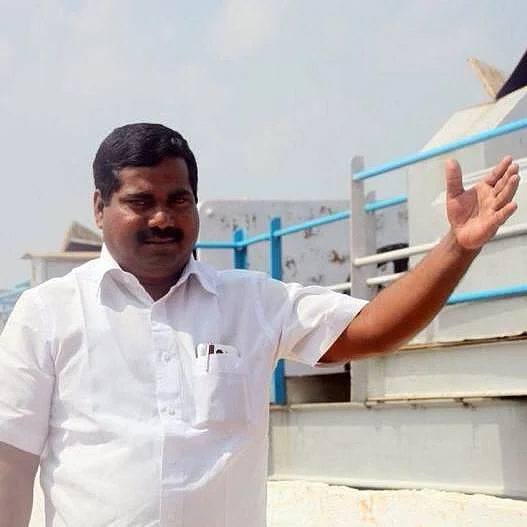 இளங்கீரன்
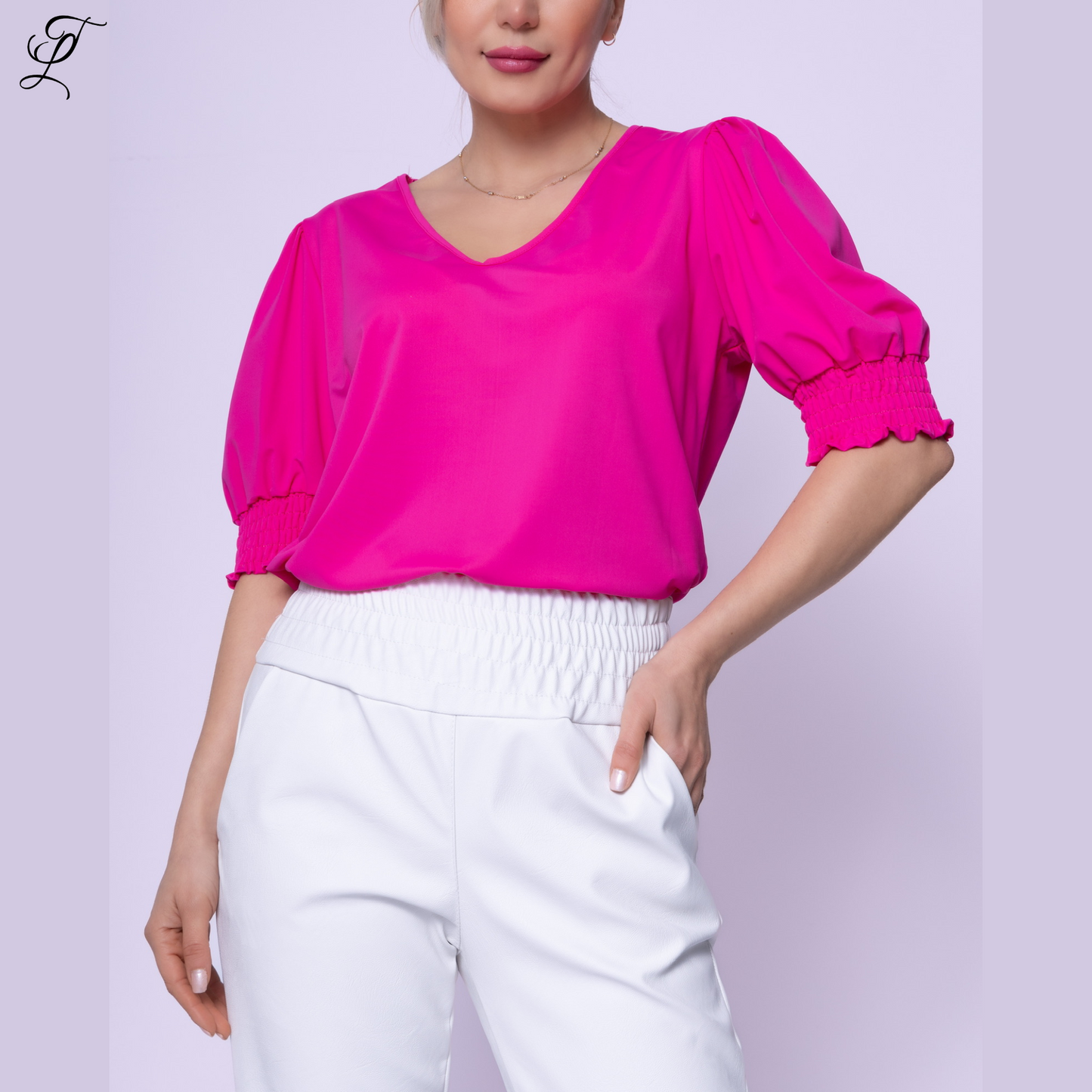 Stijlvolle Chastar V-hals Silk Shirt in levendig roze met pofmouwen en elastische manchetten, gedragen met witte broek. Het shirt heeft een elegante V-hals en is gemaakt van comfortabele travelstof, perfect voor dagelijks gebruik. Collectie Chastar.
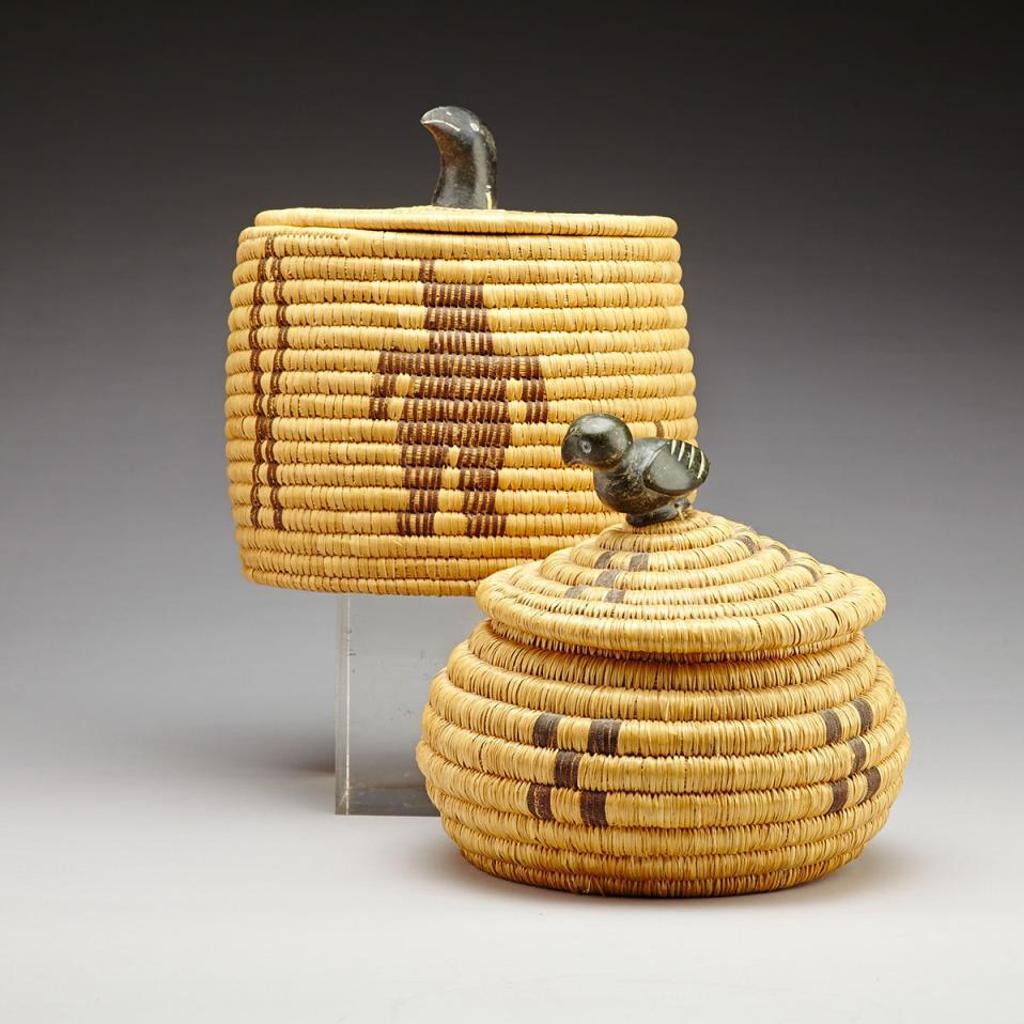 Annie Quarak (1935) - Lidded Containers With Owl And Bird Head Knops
....
» **Your assignment**
Every line of the listing is to be retyped exactly; pictures stay out.

» **Answer space**
 இளங்கீரன்
 Stijlvolle Chastar V-hals Silk Shirt in levendig roze met pofmouwen en elastische manchetten, gedragen met witte broek. Het shirt heeft een elegante V-hals en is gemaakt van comfortabele travelstof, perfect voor dagelijks gebruik. Collectie Chastar.
 Annie Quarak (1935) - Lidded Containers With Owl And Bird Head Knops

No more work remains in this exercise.